START Data to examine

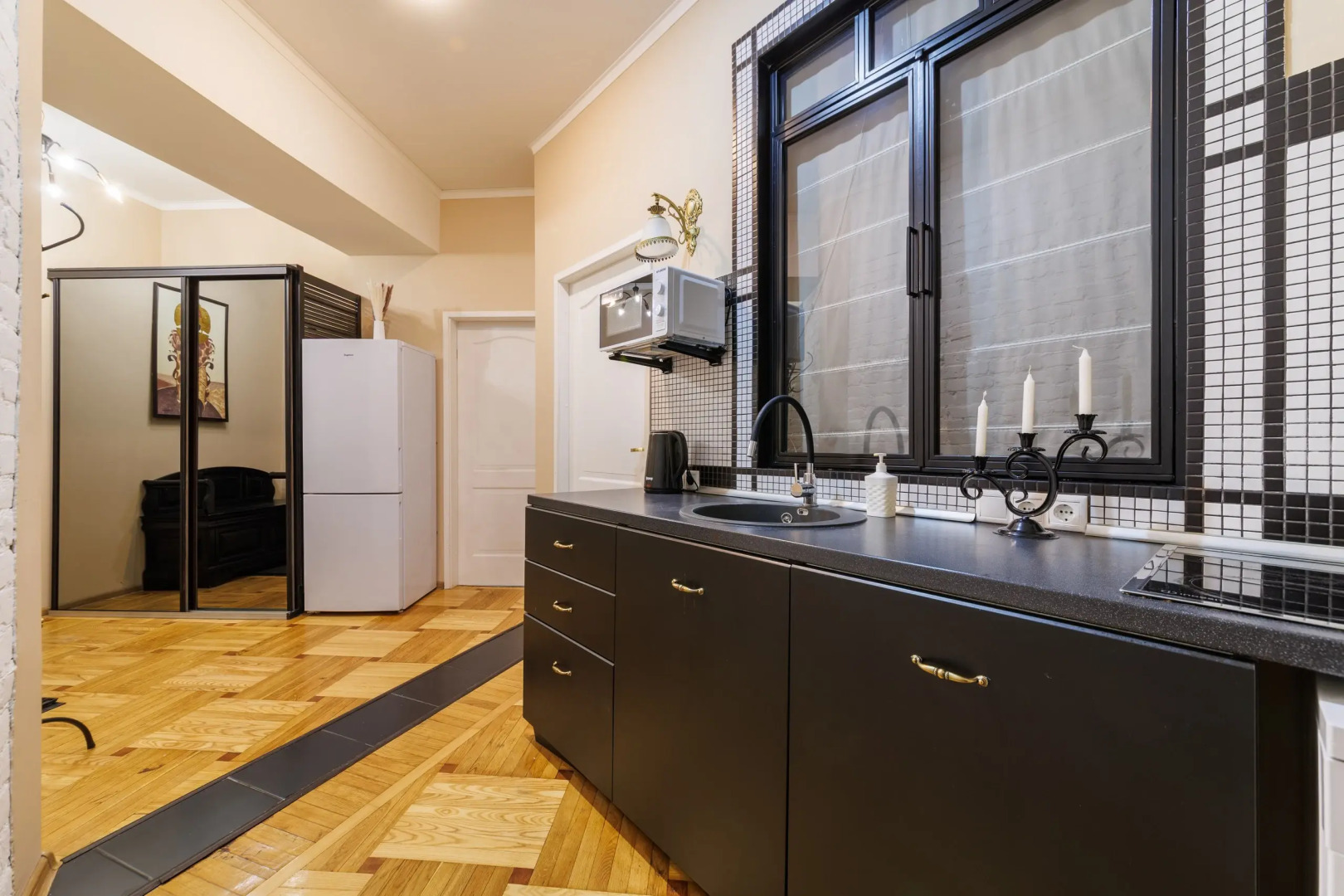 Апартаменты Лофт у Площади Восстания 2 спальни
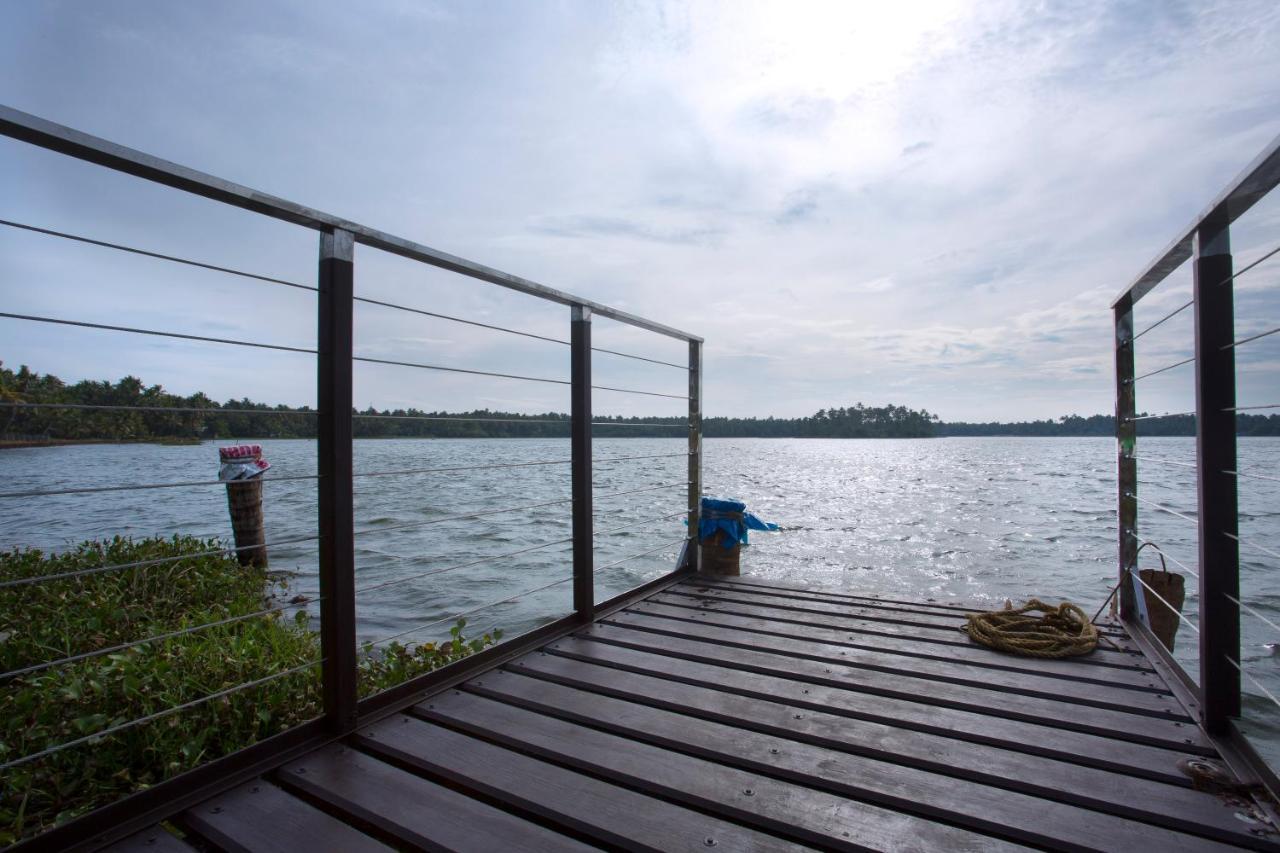 Blue Serene Resort Guruvayur Exterior photo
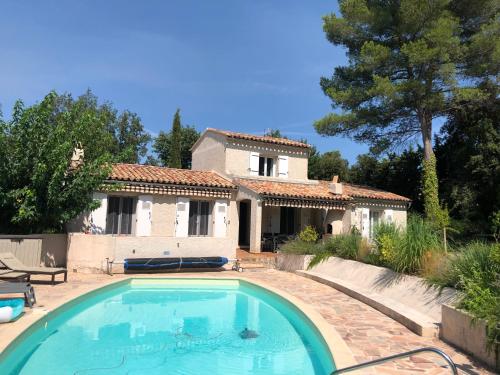 Spacious Villa with private pool in St Raphael. gîte à louer Valescure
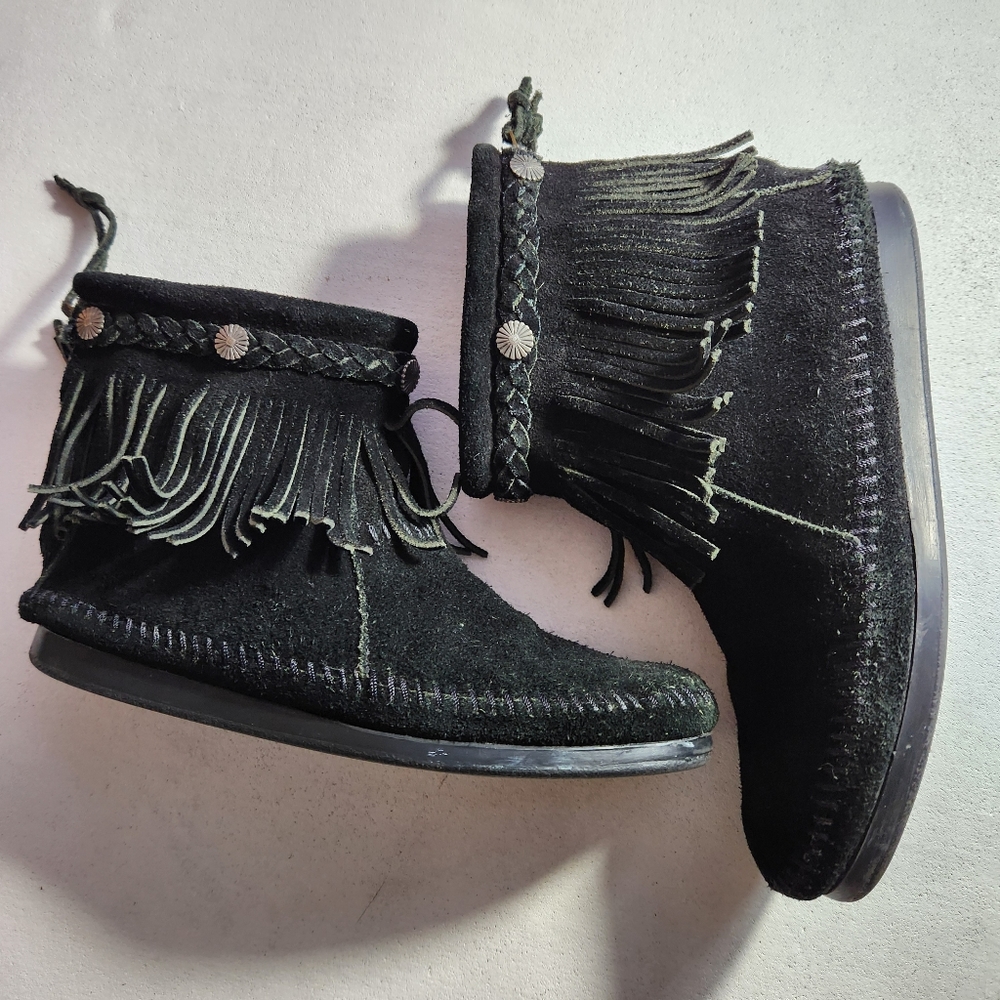 Minnetonka Ankle Fringe Black Shoes Size 7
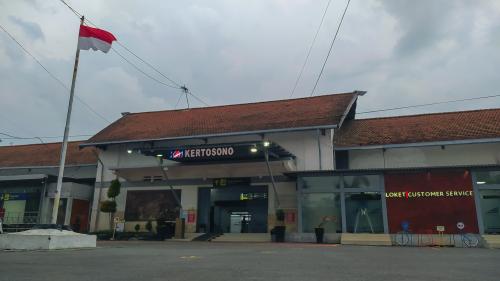 Kertosono Station, Intercity Station | We provide Indonesia infrastructure map on various property sectors and data. Access property listings, infrastructure developments, news, and valuable transaction data for informed decisions.
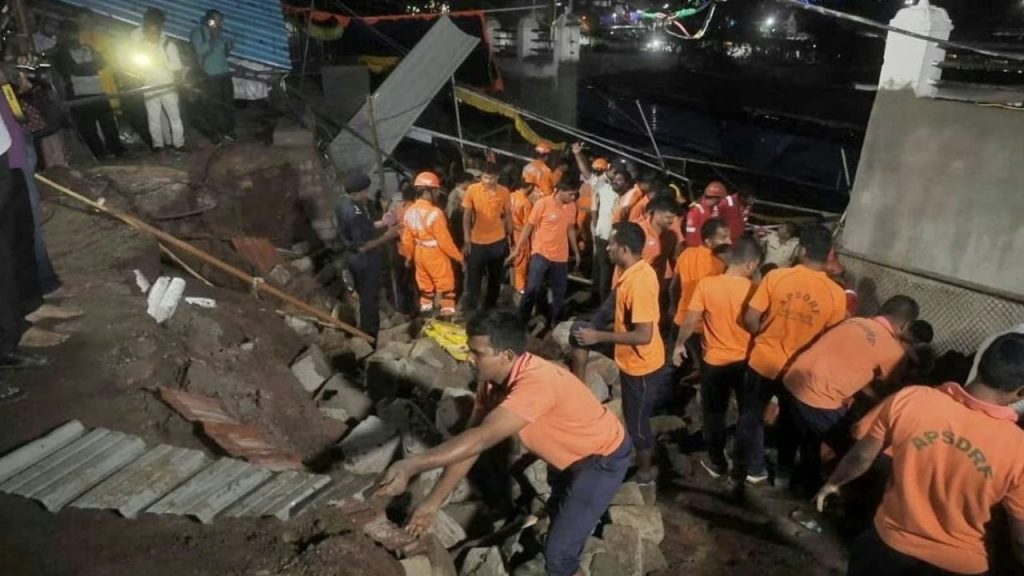 7 people died due to temple wall collapse in Visakhapatnam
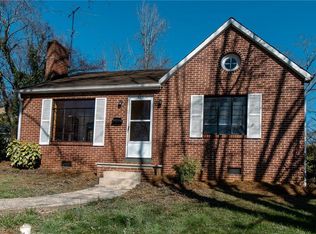 320 N Bridge St, Elkin, NC 28621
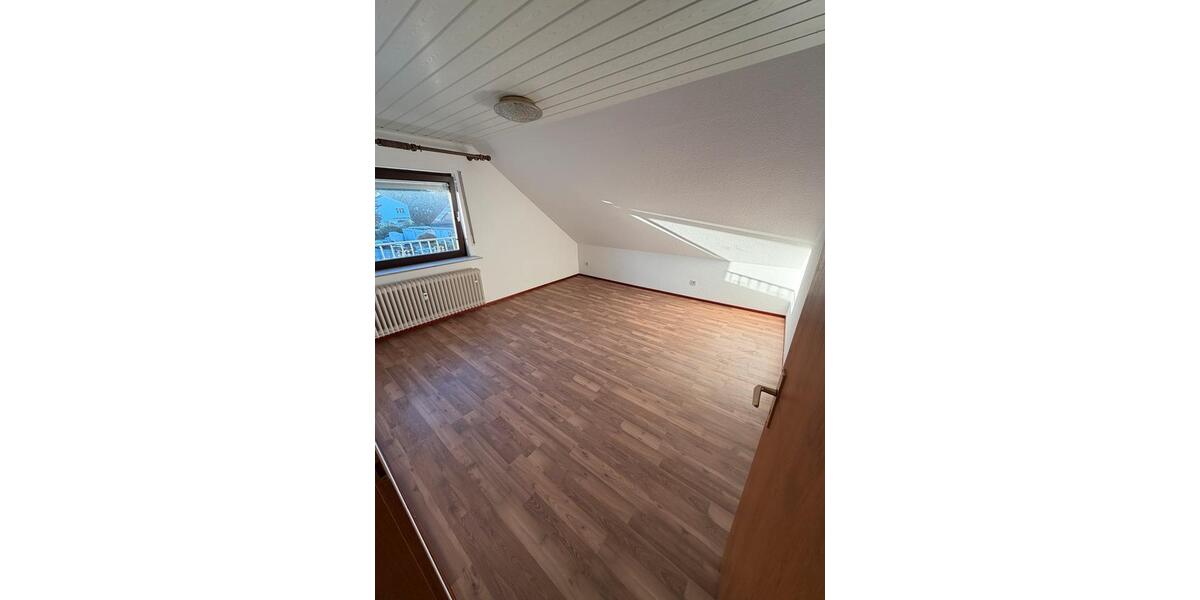 Dachgeschoßwohnung Weilburg - 4 Zimmer, 90 m&sup2;, 780&euro; | Angebot:26623480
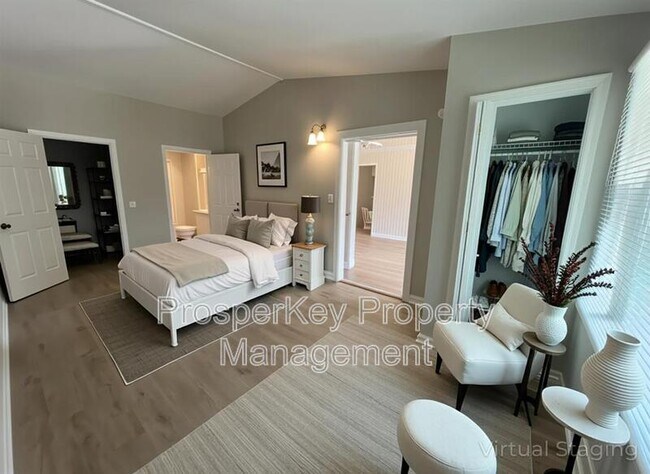 Building Photo - 185 Wickham Dr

END Data to examine

*Task directions*:
Print the records exactly, every one. Leave out the pictures.

*Result*:
 Апартаменты Лофт у Площади Восстания 2 спальни
 Blue Serene Resort Guruvayur Exterior photo
 Spacious Villa with private pool in St Raphael. gîte à louer Valescure
 Minnetonka Ankle Fringe Black Shoes Size 7
 Kertosono Station, Intercity Station | We provide Indonesia infrastructure map on various property sectors and data. Access property listings, infrastructure developments, news, and valuable transaction data for informed decisions.
 7 people died due to temple wall collapse in Visakhapatnam
 320 N Bridge St, Elkin, NC 28621
 Dachgeschoßwohnung Weilburg - 4 Zimmer, 90 m&sup2;, 780&euro; | Angebot:26623480
 Building Photo - 185 Wickham Dr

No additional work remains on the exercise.